Bochner-Weitzenbock formula (-> Laplacian)

[Sajet]

Hi! I'm trying to understand a proof for the Bochner-Weitzenbock formula. I'm sorry I have to bother you with such a basic question but I've worked at this for more than an hour now, but I just don't get the very first step, i.e.:

$-\frac{1}{2} \Delta |\nabla f|^2 = \frac{1}{2} \sum_{i}X_iX_i \langle \nabla f, \nabla f \rangle$

Where we are in a complete Riemannian manifold, $f \in C^\infty(M)$ at a point $p \in M$, with a local orthonormal frame $X_1, ..., X_n$ such that $\langle X_i, X_j \rangle = \delta_{ij}, D_{X_i}X_j(p) = 0$, and of course

$\langle \nabla f, X \rangle = X(f) = df(X)$
$\textrm{Hess }f(X, Y) = \langle D_X(\nabla f), Y \rangle$
$\Delta f = - \textrm{tr(Hess )}f$

I've tried to use the Levi-Civita identities, but I'm getting entangled in these formulas and don't get anywhere.

Any help is appreciated.

 

[Sajet]

I got it now :)

 

[dextercioby]

You may try to post a solution/sketch of solution for the one interested. That would be nice of you.

 

[Sajet]

Sorry, i didn't notice the post. In case anyone ever finds this through google or the search function, here it is:

$-\frac{1}{2} \Delta\|\nabla f\|^2 = \frac{1}{2}\text{tr}(\text{Hess}(\langle \nabla f, \nabla f \rangle ))$
$= \frac{1}{2}\sum_{i=1}^n \langle \nabla_{X_i} \text{grad}\langle \nabla f, \nabla f \rangle, X_i\rangle$ (<- these are the diagonal entries of the representation matrix)
$= \frac{1}{2}\sum_{i=1}^n X_i \langle \text{grad}\langle \nabla f, \nabla f\rangle, X_i\rangle - \langle \text{grad}\langle \nabla f, \nabla f\rangle, \nabla_{X_i} X_i\rangle$ (where the second summand is zero)
$= \frac{1}{2} \sum_{i=1}^n X_i X_i \langle \nabla f, \nabla f\rangle$

 

[blue_raver22]

Hello! The Bochner-Weitzenbock formula is a fundamental result in Riemannian geometry that relates the Laplacian operator to the curvature of a manifold. It is often used in differential geometry to study the behavior of functions on a manifold.

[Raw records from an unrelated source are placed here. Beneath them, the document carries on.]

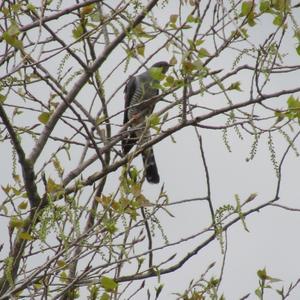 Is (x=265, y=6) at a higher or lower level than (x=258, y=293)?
higher

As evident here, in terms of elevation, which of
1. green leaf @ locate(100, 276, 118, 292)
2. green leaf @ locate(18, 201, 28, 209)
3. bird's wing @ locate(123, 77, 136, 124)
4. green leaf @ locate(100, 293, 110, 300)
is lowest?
green leaf @ locate(100, 276, 118, 292)

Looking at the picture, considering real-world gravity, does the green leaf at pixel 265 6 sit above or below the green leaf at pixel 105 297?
above

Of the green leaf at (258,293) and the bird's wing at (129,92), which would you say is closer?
the green leaf at (258,293)

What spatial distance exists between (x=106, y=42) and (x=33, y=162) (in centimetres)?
77

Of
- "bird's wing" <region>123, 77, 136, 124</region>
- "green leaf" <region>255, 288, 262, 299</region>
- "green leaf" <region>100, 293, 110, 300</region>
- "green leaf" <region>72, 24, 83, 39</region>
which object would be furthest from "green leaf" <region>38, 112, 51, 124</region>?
"bird's wing" <region>123, 77, 136, 124</region>

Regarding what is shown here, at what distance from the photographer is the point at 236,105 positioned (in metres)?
3.76

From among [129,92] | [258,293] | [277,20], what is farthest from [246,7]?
[129,92]

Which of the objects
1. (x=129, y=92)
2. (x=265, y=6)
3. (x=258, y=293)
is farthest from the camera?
(x=129, y=92)

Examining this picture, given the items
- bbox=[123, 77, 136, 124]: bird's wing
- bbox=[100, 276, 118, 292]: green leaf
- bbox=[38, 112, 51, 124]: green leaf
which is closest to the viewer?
bbox=[100, 276, 118, 292]: green leaf

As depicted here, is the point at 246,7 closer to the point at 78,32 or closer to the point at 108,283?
the point at 78,32

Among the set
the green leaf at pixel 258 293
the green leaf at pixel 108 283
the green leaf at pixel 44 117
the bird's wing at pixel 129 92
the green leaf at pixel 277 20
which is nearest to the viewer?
the green leaf at pixel 108 283

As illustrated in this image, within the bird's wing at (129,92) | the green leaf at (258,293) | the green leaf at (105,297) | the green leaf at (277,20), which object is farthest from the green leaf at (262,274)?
the bird's wing at (129,92)

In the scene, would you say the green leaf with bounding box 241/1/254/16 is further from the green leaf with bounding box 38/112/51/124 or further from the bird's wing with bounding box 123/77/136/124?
the bird's wing with bounding box 123/77/136/124

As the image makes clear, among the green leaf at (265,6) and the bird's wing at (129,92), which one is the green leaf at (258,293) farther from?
the bird's wing at (129,92) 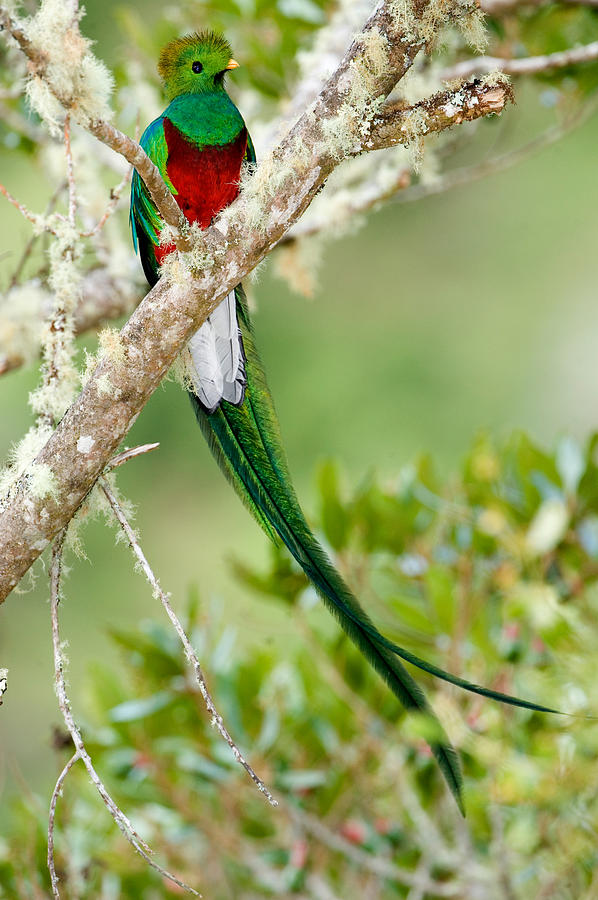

In this particular case, we are looking at the Laplacian of the function f at a point p, which is denoted by \Delta f. The Laplacian is defined as the trace of the Hessian matrix of f, which you have correctly stated in your question. The Hessian matrix is essentially a matrix of second derivatives of f, and the trace is the sum of the diagonal entries.

Now, the first step in the proof of the Bochner-Weitzenbock formula is to take the Laplacian of the square of the gradient of f, denoted by |\nabla f|^2. This is where the Levi-Civita identities come into play. By using these identities, we can rewrite the Laplacian of |\nabla f|^2 as a sum of terms involving the Riemann curvature tensor and the covariant derivatives of f.

Next, we use the fact that we are working on a complete Riemannian manifold with an orthonormal frame at the point p. This allows us to simplify some of the terms in the sum and ultimately arrive at the desired result, which is the Bochner-Weitzenbock formula.

I hope this helps clarify the first step in the proof. If you are still having trouble, I suggest consulting a textbook on Riemannian geometry or seeking help from a colleague who is familiar with this topic. Keep up the good work!